Cuda kernel coding tutorial
https://cuda-tutorial.readthedocs.io/en/latest/tutorials/tutorial01/
Totorial 01
both CPU and GPU are used. (Q. Which CPU and GPU?)
CPU : host / GPU : device system.
__global__ specifier indicates a function that runs on device(GPU).
function that can be called through host code : called "kernels"
compiler - use ncvv toolkit.
1. Allocate host memory and initialized host data
2. Allocate device memory
cudaMalloc(void **devPtr, size_t count) and
cudaFree(void *devPtr).
devPtr: devicePointer to allocate memory.

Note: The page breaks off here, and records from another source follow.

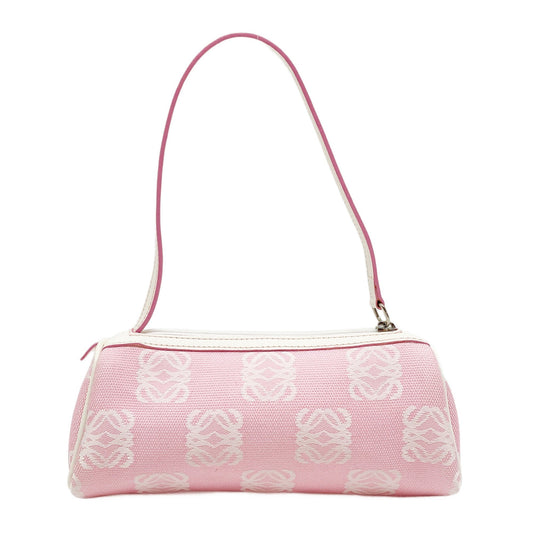 Pink Anagram Canvas Pouch Bag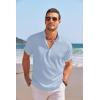 imageCOOFANDY Mens Linen Henley Shirt Short Sleeve Casual Summer Beach Hippie T ShirtsLight Blue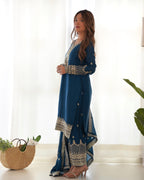 Pure Chinon Silk Embroidered Straight Kurta Set with Trousers and Dupatta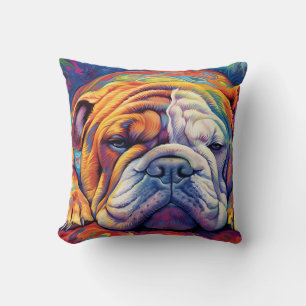 Colourful Bulldog sleeping Throw Pillow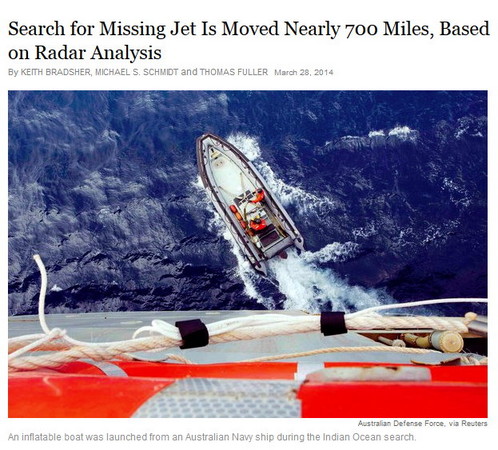 纽约时报\/澳洲宣布:马航搜索区域北移1100公里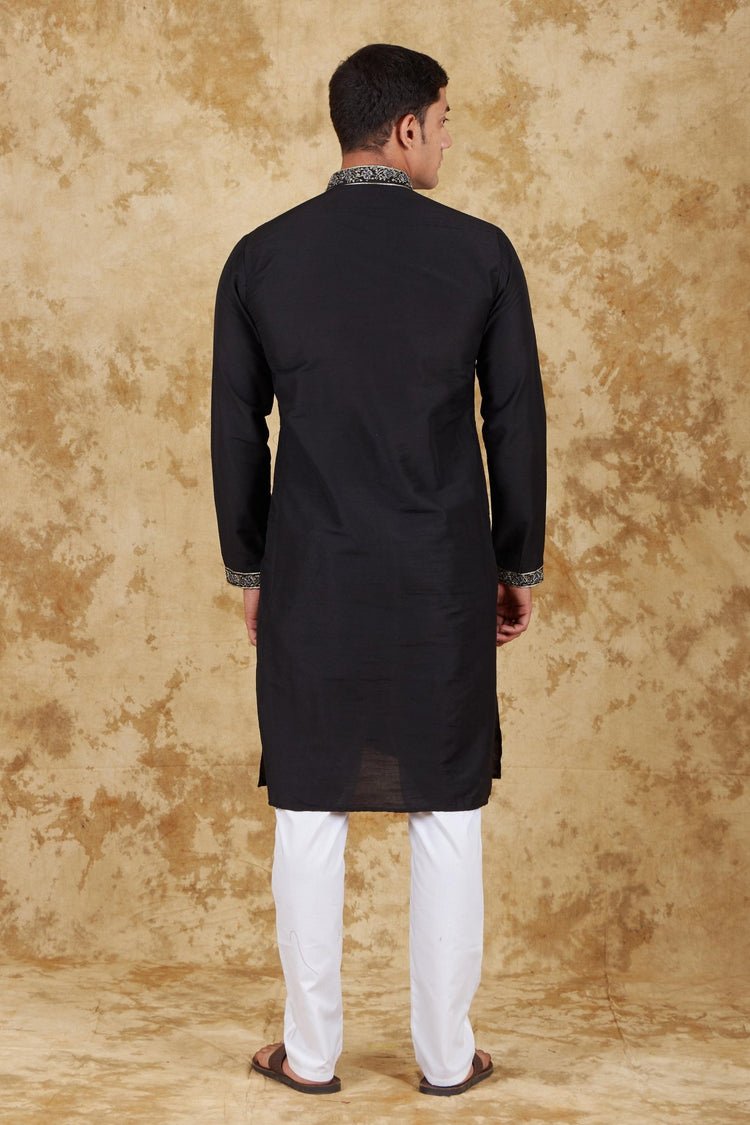 Bluesaanchi Sunshine: Handwoven Embroidered Kurta Set Royal Black - Veshbhoshaa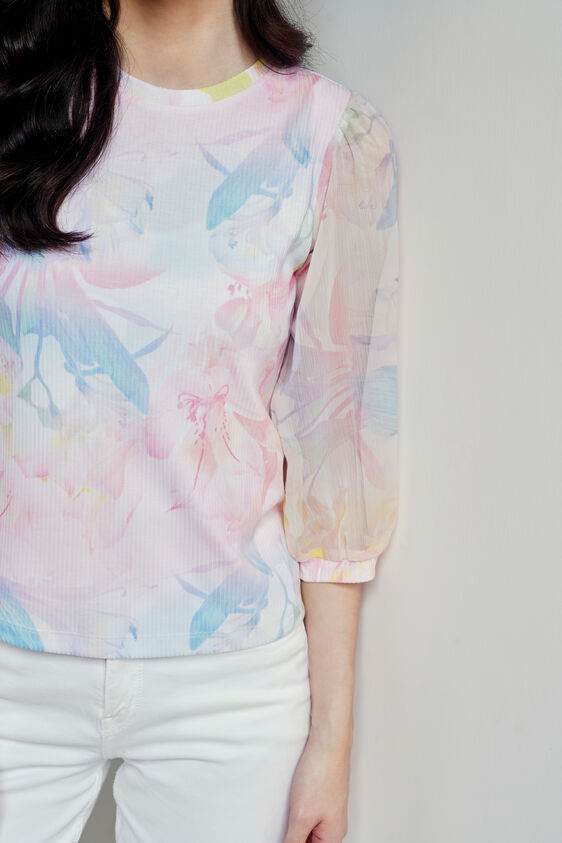Multi Color Abstract Straight Top, Multi Color, image 5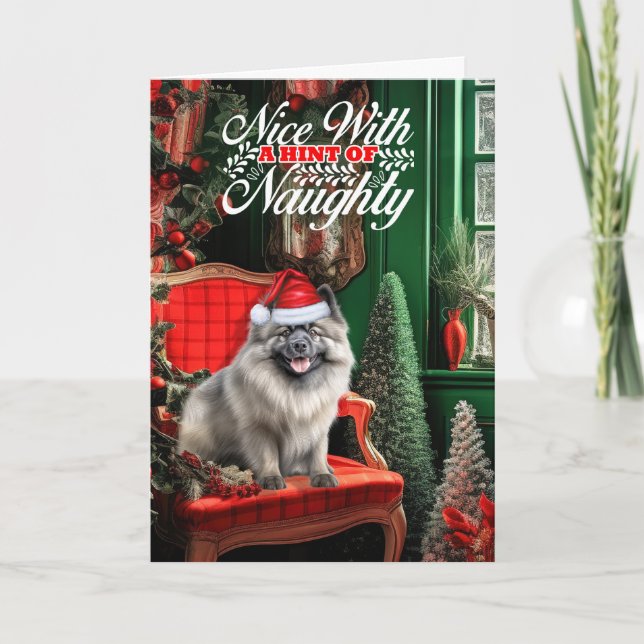 Christmas Keeshond Dog Naughty or Nice Holiday Card (Front)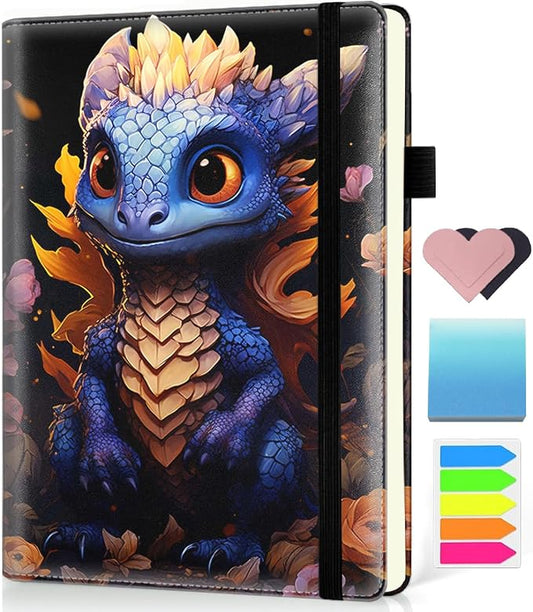 Hardcover Executive Notebooks, A5 PU Leather Lined Journal Notebook, 200 Pages Thick Paper Subject Notebooks for School,Work,Home Writing Business Notebook, Diary Book ， Baby Dragon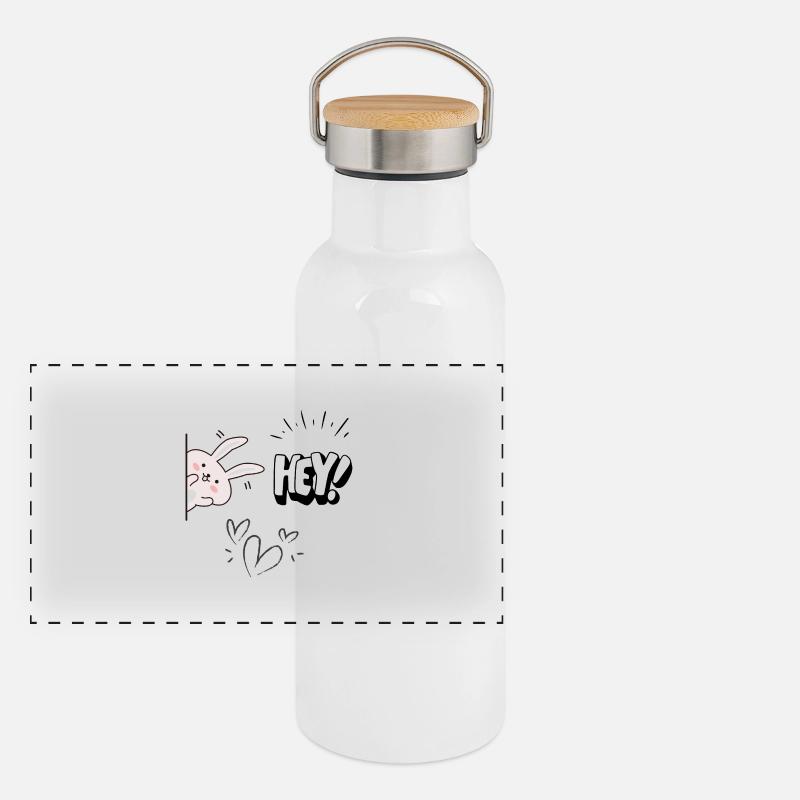 Hé! Je suis là Gourde isotherme avec bouchon en bambou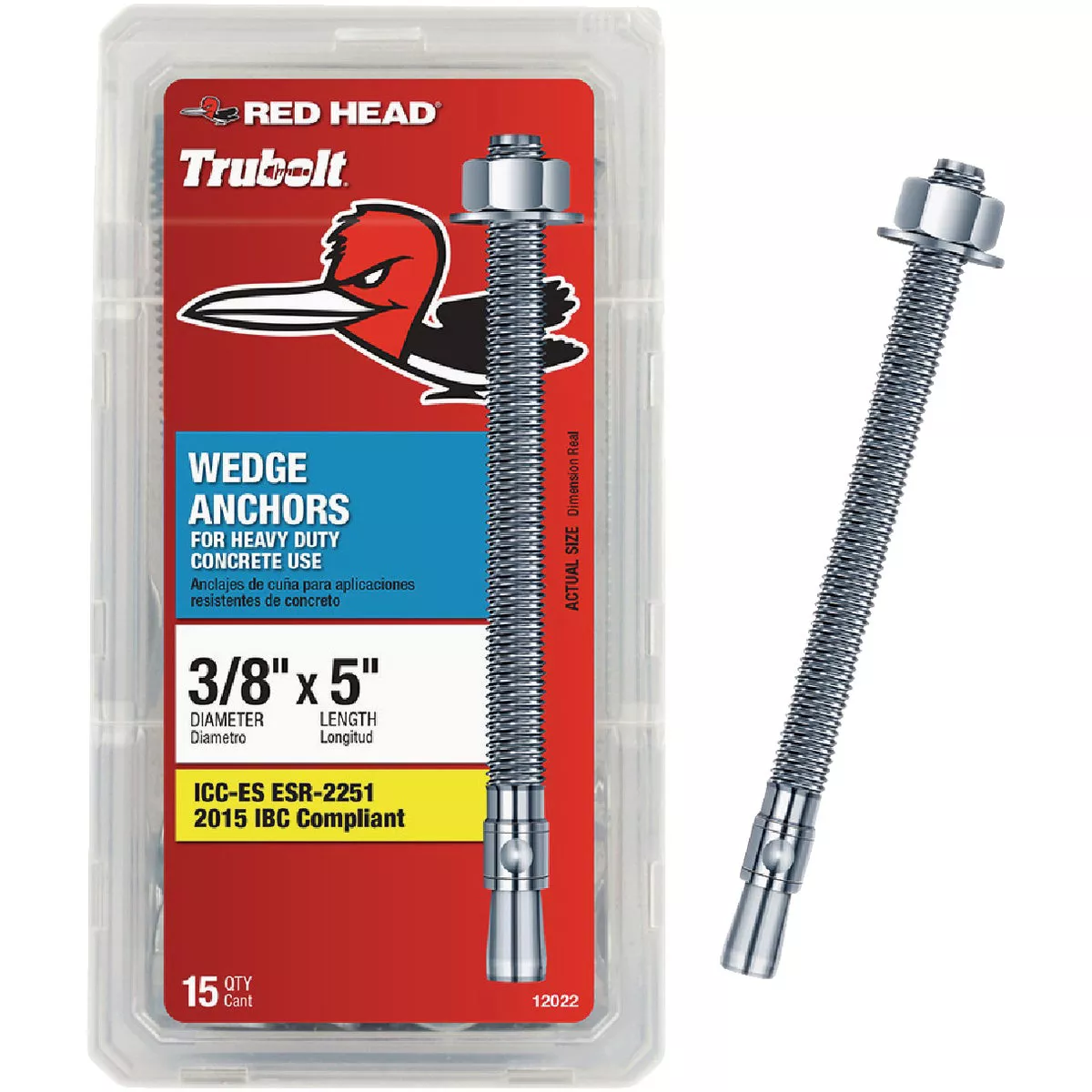 Red Head 3/8 In. x 5 In. Wedge Anchor (15 Ct.)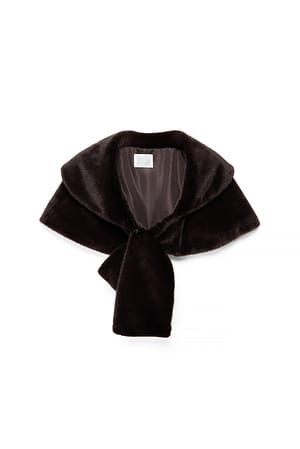 Dark Brown Faux Fur Cape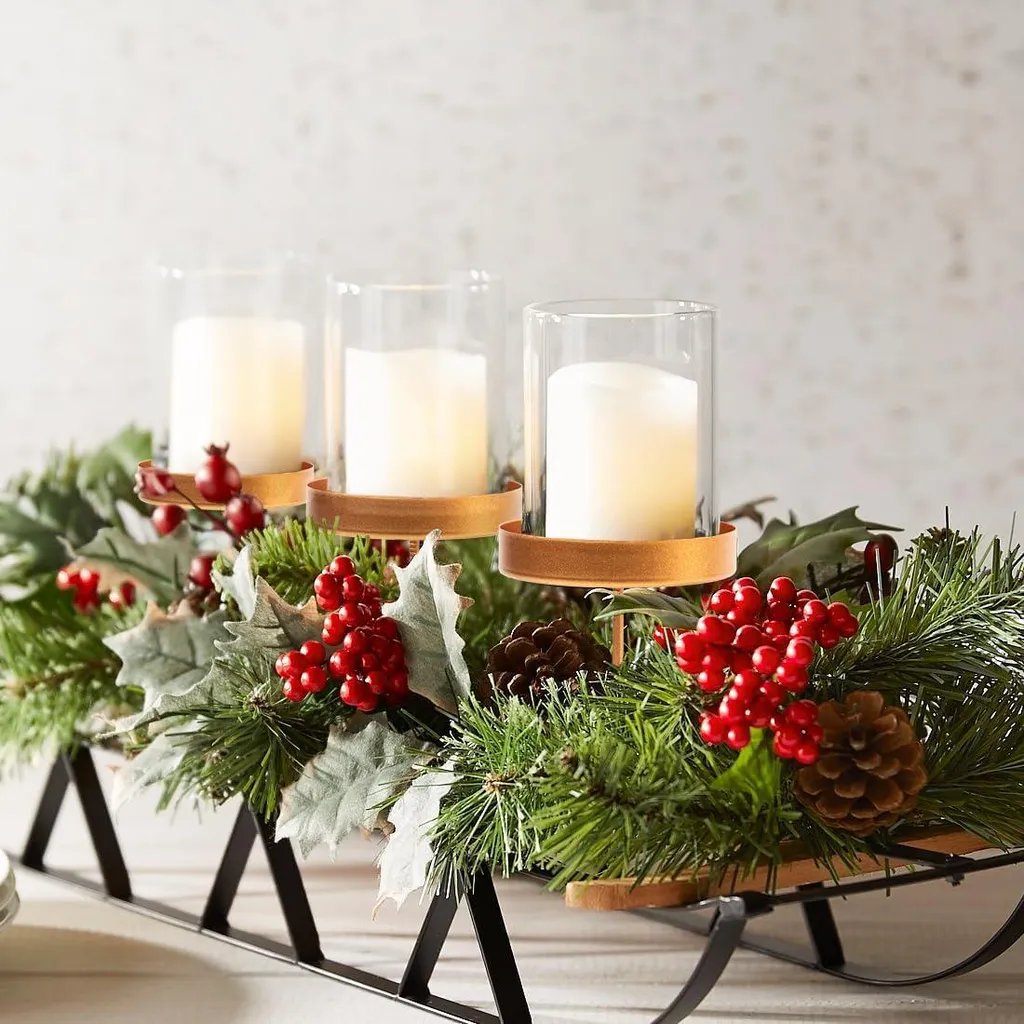 Couronne de l'Avent dorée : support 4 bougies pour décoration de Noël - 2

3. Transfer input data from host to device memory
cudaMemcpy(void *dst, void *src, size_t count, cudaMemcpyKind kind)
4. Execute kernels
5. Transfer output from device memory to host
Profiling performance :
time
or
nvprof ./vector_add
Tutorial 02: CUDA in Actions.
kernel execution configuration <<<...>>> - tell how many threads to launch on GPU.
group called "thread block".
<<< M, T >>>
kernel launches with a grid of M thread blocks. Each thread block has T parallel threads.
- ThreadIdx.x and blockDim.x
- threadIdx.x : contains the index of the thread within the block
- blockDim.x : contains the size of thread block.